Who's Scared of the Tea Party?
John McCain took a swipe at the Tea Party on the Senate floor yesterday. Reading from a Wall Street Journal editorial, he denounced those opposed to raising the debt ceiling in the House as "hobbits." Allowing the economy to collapse would be tantamount to helping reelect President Obama, McCain said, as he echoed the sentiments Sen. Mitch McConnell expressed a few weeks ago.
In McCain's words (as reported by the Los Angeles Times),
"This is the kind of crack political thinking that turned Sharron Angle and Christine O'Donnell into GOP Senate nominees," he said, referring to the failed tea-party-backed candidates from Nevada and Delaware. "The reality is the debt limit will be raised one way or the other.... If conservatives defeat the [GOP] plan, they will not only undermine their House majority, they will go far to reelecting Mr. Obama and making entitlements that much harder to reform."
But will they? Is McCain right? Or is he part of fading old guard that no longer has the power to face down the revolutionaries on the right?
Usually, politicians are vilified for being trimmers, for lacking conviction. The Tea Party members in Congress are different. Their stance seems straightforward. They were elected to oppose more spending. They are. Their argument could not be clearer: America doesn't face a debt crisis. Instead, it faces a spending crisis. Cut outlays and the debt crisis will vanish. Simple as that.
Except of course it isn't. Running a deficit temporarily can be good for the economy in a time of recession. And failing to raise the debt ceiling will be inimical to economic growth—as the current decline in the stock market indicates—and would actually cause the deficit to rise further, as will a downgrade of America's bond rating.
What the Tea Party has accomplishedand it is no small accomplishment—is to force a recalcitrant political system to focus on the looming deficits created by entitlement and military spending. Neither is sustainable. This has been the mantra of groups like the Concord Coalition for over a decade. But no one really paid much attention. Now they are. Absent the pressures created by the Tea Party there would be no movement at all on the question of America's debt.

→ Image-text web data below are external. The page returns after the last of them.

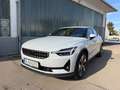 Polestar 2 Polestar 2 Long Range 78kWh Single Motor AHV Weiß - thumbnail 4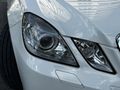 SEÇ OTOMOTİVDEN E350 CDİ 4 MATİC DEĞİŞENSİZ SIFIR MOTOR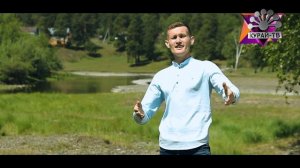 Нәфис Ниғәмәев - Ҡайтайыҡ әле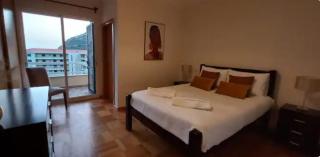 Cozy apartment in Madeira Island - Ribeira Brava - 5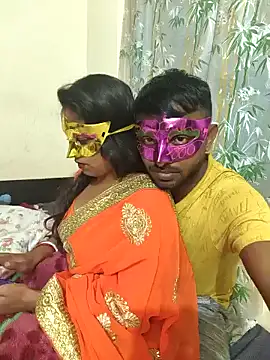 bihariguy online show from January 5, 4:59 pm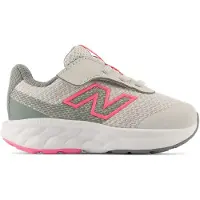 New Balance 520 Airplane Hook & Loop Hardloopschoenen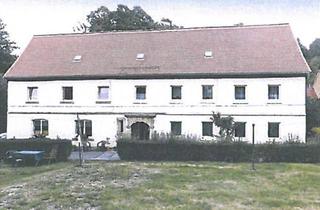 Wohnung mieten in Hänischmühe 26, 02796 Kurort Jonsdorf, Gepflegte 2-Zimmer Wohnung in Jonsdorf Kurort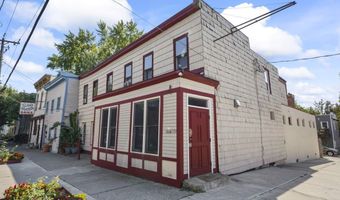 162-170 Jefferson St, Albany, NY 12210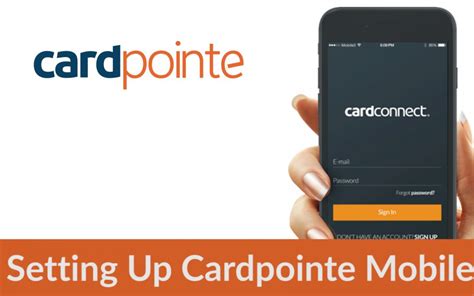 Cardpoint login. Username. Forgot? Password. Forgot? Log in. Sign up. Username. Forgot? Password ... Cardpoint. Professional-8KSales-Member since 2021. 0days to you. Outstanding.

Even if the Tea Party loses this battle, it could end up winning the war. Indeed, if House speaker John Boehner forces Republicans to fall into line to vote for his plan, it could embolden the Tea Party to redouble its efforts to take over the GOP. More primary challenges, more purity tests, and so forth. Like John Paul Jones, the credo of the Tea Party may well become, "We have not yet begun to fight."